Coco Elder

Big Waterhole- Ku-ring-gai, 2023

BLACK UNDERGLAZE ON WHITE EARTHENWARE WITH SGRAFFITO
27 × 11 × 45 cm
Working with clay enables Coco to connect with the earth. Her slab vessels mirror similar shapes of the land and geology around the various areas where she has lived in both the Northern Beaches and the Bellingen Shire. They are inspired by, and often reflect her landscape paintings. The smooth earthenware clay is painted in a simple black underglaze with sgraffito (Italian for carving back into the surface), a similar method of her oil paintings which are also incised, and in this instance, reveal the white of the clay. This black and white colour scheme references the effects of positive and negative space; shadow and light; and the historical nature of what has passed. In other instances, it also mirrors the charred effects from the bushfires. These pots have a unique presence as whilst the vessels appear 2-dimensional front on, the landscape imagery coils and intertwines around the vessel, creating an ongoing narrative of the land, that takes the viewer on a cultural heritage journey, that can be viewed at any angle. The audience can decide which way is front and back, or reverse. Whilst they have a sculptural quality, they have been clear glaze fired on the inside. This vitrification process also makes them fully functional as a vase.
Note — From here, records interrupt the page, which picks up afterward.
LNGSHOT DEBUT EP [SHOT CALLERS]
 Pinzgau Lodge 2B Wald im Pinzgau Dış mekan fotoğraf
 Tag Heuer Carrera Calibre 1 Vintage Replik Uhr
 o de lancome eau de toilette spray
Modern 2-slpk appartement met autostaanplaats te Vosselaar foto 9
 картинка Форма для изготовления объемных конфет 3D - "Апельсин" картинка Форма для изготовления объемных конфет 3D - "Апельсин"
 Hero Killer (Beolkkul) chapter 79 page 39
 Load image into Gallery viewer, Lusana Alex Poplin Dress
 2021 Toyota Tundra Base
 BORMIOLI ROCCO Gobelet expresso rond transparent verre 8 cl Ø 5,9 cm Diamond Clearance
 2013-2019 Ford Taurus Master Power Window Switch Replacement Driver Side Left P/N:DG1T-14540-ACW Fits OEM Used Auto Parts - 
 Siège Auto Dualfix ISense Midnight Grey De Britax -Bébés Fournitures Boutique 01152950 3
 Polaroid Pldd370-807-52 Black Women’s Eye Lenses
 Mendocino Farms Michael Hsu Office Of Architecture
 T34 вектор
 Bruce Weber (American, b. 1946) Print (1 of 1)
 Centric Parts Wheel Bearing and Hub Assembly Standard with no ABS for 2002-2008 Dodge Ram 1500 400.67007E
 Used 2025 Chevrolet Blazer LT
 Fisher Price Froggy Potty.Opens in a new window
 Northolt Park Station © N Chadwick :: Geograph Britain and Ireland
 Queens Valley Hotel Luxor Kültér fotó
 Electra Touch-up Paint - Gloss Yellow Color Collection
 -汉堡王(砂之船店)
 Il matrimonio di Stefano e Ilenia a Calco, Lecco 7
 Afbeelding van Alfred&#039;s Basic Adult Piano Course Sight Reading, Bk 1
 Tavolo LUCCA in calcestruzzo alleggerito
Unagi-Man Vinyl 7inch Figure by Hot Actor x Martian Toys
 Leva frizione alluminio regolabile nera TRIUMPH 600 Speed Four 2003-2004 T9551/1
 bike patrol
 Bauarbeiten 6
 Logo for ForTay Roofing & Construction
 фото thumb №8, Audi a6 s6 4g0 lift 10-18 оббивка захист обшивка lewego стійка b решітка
Coco Elder is an Australian artist specialising in painting and ceramics. Her early childhood experiences of weekends spent with her family in the Blue Mountains, making miniature gardens & collecting clay from the side of the road to make pots fired in the open fire, put her in touch with mother earth and helped her to resonate and connect with nature. Elder’s experience of studying Landscape Architecture sparked her interest in botany & geology and opened her perception to the delicacy of various microclimates and how this affects the lie of the land.
Following her degree in Fine Arts, majoring in Painting and Ceramics, a visit to Cezanne’s studio and Mont Sainte-Victoire in Provence, influenced the way she was able to make sense of the Australian bush via geometrical patterns and the interlude between shadow and light.
Alongside her Visual Arts high school teaching qualifications, Coco has also been a Lecturer at the College of Fine Arts (COFA) at UNSW. She now resides in Raleigh, in the Bellingen Shire where she works from her studio at home and takes her inspiration from the creeks and landscapes from Gumbaynggirr Country’s Bellinger Valley and surrounds.
Coco has been a finalist in numerous awards including the Mosman Art Prize, The Environmental Art and Design Prize, the Warringah Art Prize and Paddington Art Prize.